A Guerra na Ucrânia — “A ciência política e a fé”.  Por Carlos Matos Gomes

Seleção de Francisco Tavares

5 m de leitura

A ciência política e a fé

 Por Carlos Matos Gomes

Em 8 de Maio de 2022 (original aqui)

 

Um misto de firmeza e moderação é, porventura, a melhor forma de caracterizar a postura de Raymond Aron em relação à política internacional, mas cabe também referir a plena consciência que tinha das complexidades e da necessidade de agir e de fazer escolher, ciente de que, tal como aliás já o referira na sua tese «Introduction à la Philosophie de l’Histoire», uma decisão é sempre tomada entre a ignorância e a incerteza. Contudo, o primeiro princípio do método de Aron consiste em nunca perder de vista a complexidade, mesmo quando se age, nem nunca esquecer a necessidade de efetuar escolhas, inclusivamente quando se analisam essas complexidades. Outros princípios ficaram bem patentes no final da sua sessão inaugural na Sorbonne. E a eles sempre se manteve fiel, fosse qual fosse a polémica: respeito pelos factos e respeito pelos seus interlocutores, disposição para admitir os casos, raros, em que fizera um juízo errado e para alterar a sua postura em consequência. Pierre Hassner.

 

O que distingue, no atual contexto, um cientista político, indígena luso e televisionável, e das «breaking news» da TVI, da SIC dou da RTP de um pastor religioso da IURD, das Testemunha de jeová ou dos Talibans? Nada!

Pelo que me tem sido dado a ouvir aos “cientistas políticos” com graus de “professores universitários” e a ler o que escrevem nas redes sociais, nas análises sobre a guerra na Ucrânia, a guerra, o fenómeno social mais total e antigo da Humanidade é por eles, “cientistas”, explicado em termos de fé! As mesas dos estúdios são altares, os seus sites nos FB são publicidade patrocinada! Aguardam na Ucrânia a repetição do milagre das muralhas de Jericó! Estamos perante meninos de Deus que vendem bíblias, mas surgem identificados nos rodapés como “cientistas sociais”!

Há, por parte dos ditos “cientistas sociais”, uma proposição de partida: ou se acredita neles e se pertence ao reino dos bons e se vai para o Paraíso, ou se duvida, questiona e pertence-se aos satânicos e vai para um Inferno.
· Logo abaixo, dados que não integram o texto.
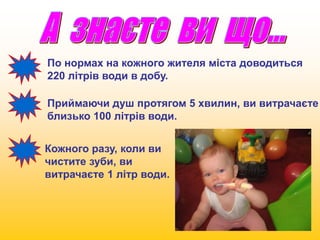По нормах на кожного жителя міста доводиться 
220 літрів води в добу. 
Приймаючи душ протягом 5 хвилин, ви витрачаєте 
близько 100 літрів води. 
Кожного разу, коли ви 
чистите зуби, ви 
витрачаєте 1 літр води. 
 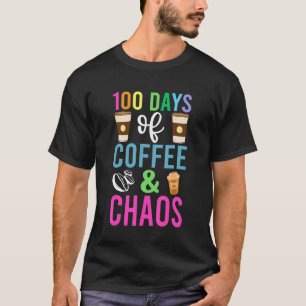 Camiseta 100 Dias De Café E Caos - 100 Dias De Teac Escolar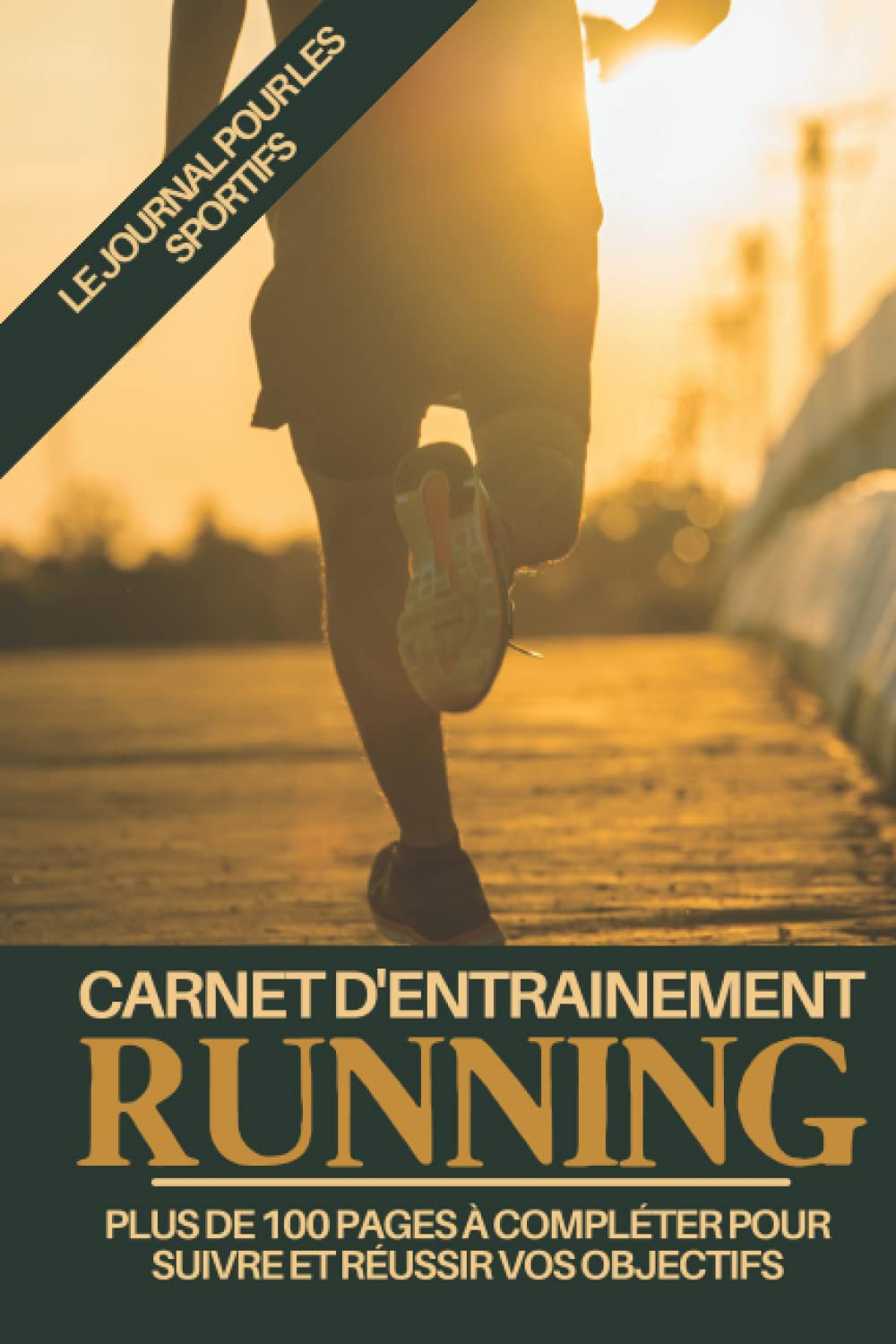 Running : Carnet d'entrainement: Cahier de running à compléter pour suivre vos séances de sports | L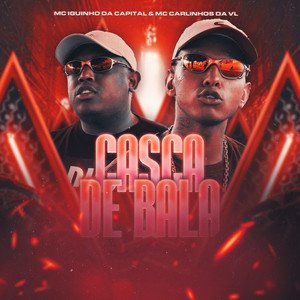 Casca de Bala (Explicit)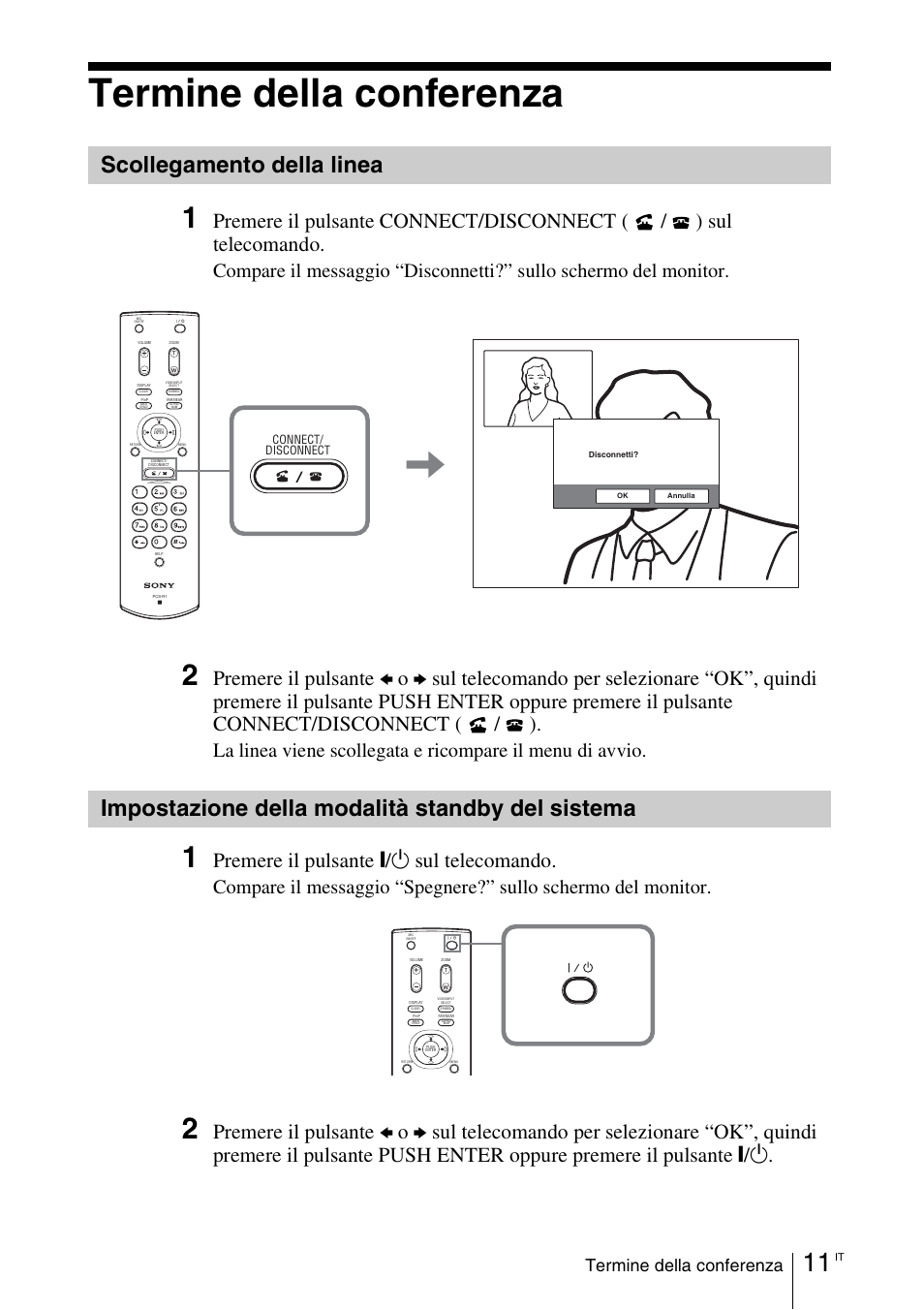 Termine della conferenza, Scollegamento della linea, Impostazione della modalità standby del sistema | Impostazione della modalità, Standby del sistema, Premere il pulsante, Sul telecomando | Sony PCS-11 User Manual | Page 113 / 156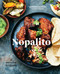 Nopalito (A Mexican Kitchen [A Cookbook]) by Gonzalo Guzmán, Stacy Adimando, 9780399578281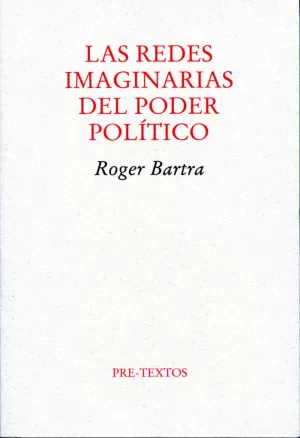 LAS REDES IMAGINARIAS DEL PODER POLÍTICO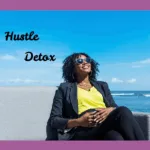 Black woman relaxing; you need a hustle detox; stress management coach; Black stress management coach; find Black executive coach near; best Black executive coach near; best Black career coach near; executive coaching for Black women; stress management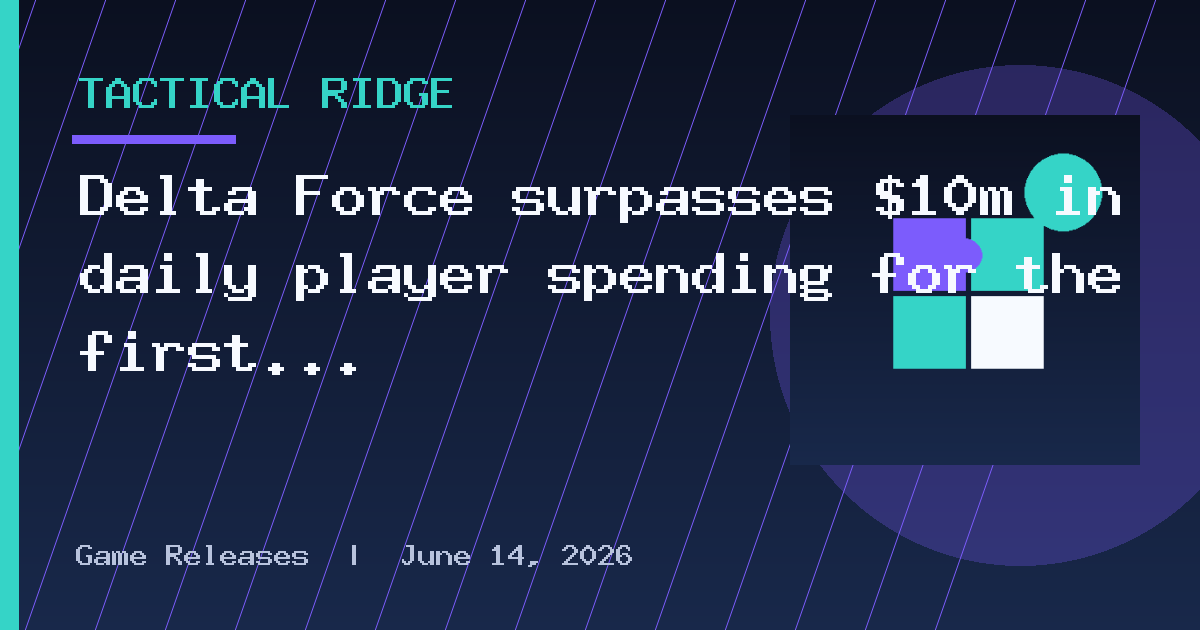 Delta Force surpasses $10m in daily player spending for the first time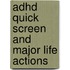 Adhd Quick Screen And Major Life Actions
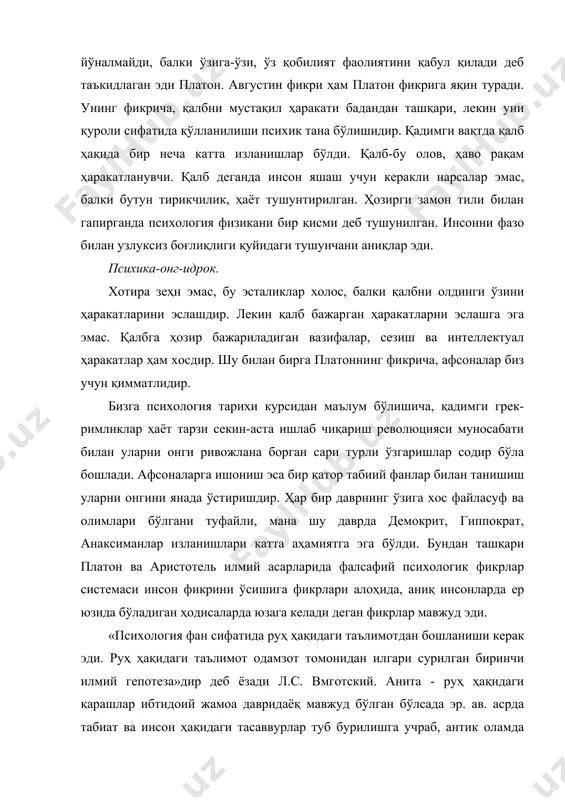 озирги замон тили билан гапирганда психология физикани бир қисми деб тушунилган. инсонни фазо билан узлуксиз боғлиқлиги қуйидаги тушунчани аниқлар эди. психика-онг-идрок. хотира зеҳн эмас, бу эсталиклар холос, балки қалбни олдинги ўзини ҳаракатларини эслашдир. лекин қалб бажарган ҳаракатларни эслашга эга эмас. қалбга ҳозир бажариладиган вазифалар, сезиш ва интеллектуал ҳаракатлар ҳам хосдир. шу билан бирга платоннинг фикрича, афсоналар биз учун қимматлидир. бизга психология тарихи курсидан маълум бўлишича, қадимги грек- римликлар ҳаёт тарзи секин-аста ишлаб чиқариш революцияси муносабати билан уларни онги ривожлана борган сари турли ўзгаришлар содир бўла бошлади. афсоналарга ишониш эса бир қатор табиий фанлар билан танишиш уларни онгини янада ўстиришдир. ҳар бир даврнинг ўзига хос файласуф ва олимлари бўлгани туфайли, мана шу даврда демокрит, гиппократ, анаксиманлар изланишлари катта аҳамиятга эга бўлди. бундан ташқари платон ва аристотель илмий асарларида фалсафий психологик фикрлар системаси инсон фикрини ўсишига фикрлари алоҳида, аниқ инсонларда ер юзида бўладиган ҳодисаларда юзага келади деган фикрлар мавжуд эди. «психология фан …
Quem já viu televisão num país islâmico percebe bem o que são hoje as sessões de análise do conflito pelos “cientistas políticos”.

Há muitos anos que sou um crítico da atribuição do estatuto de ciência aos estudos sociais. A epistemologia das ciências sociais funda-se em 3 linhas: positivismo, fenomenologia e marxismo. Mas a questão que nenhuma das escolas resolve é a questão de fundo: O cientista das ciências exatas está separado do fenómeno. Newton estava separado da maçã. Uma velha e nunca resolvida questão: O “cientista político” e social está inserido no objeto que analisa, na sociedade, com os seus preconceitos, as suas experiências anteriores. Ele é parte do fenómeno. Está dentro da maçã que cai na cabeça do Newton. É a água que fez o Arquimedes flutuar.

O bombardeamento de análises de uma multidão de “cientistas políticos” chamados aos púlpitos para explicar o fenómeno desta guerra na Ucrânia revelou a ausência de qualquer método científico na abordagem do fenómeno. A ciência assenta da dúvida. A tal dúvida metódica, ou cartesiana que é (era) o beaba da entrada na ciência. Só tenho ouvido certezas. Quando um cientista tem certeza passa, para mim, à categoria de delegado de propaganda. É o que temos, que bonda.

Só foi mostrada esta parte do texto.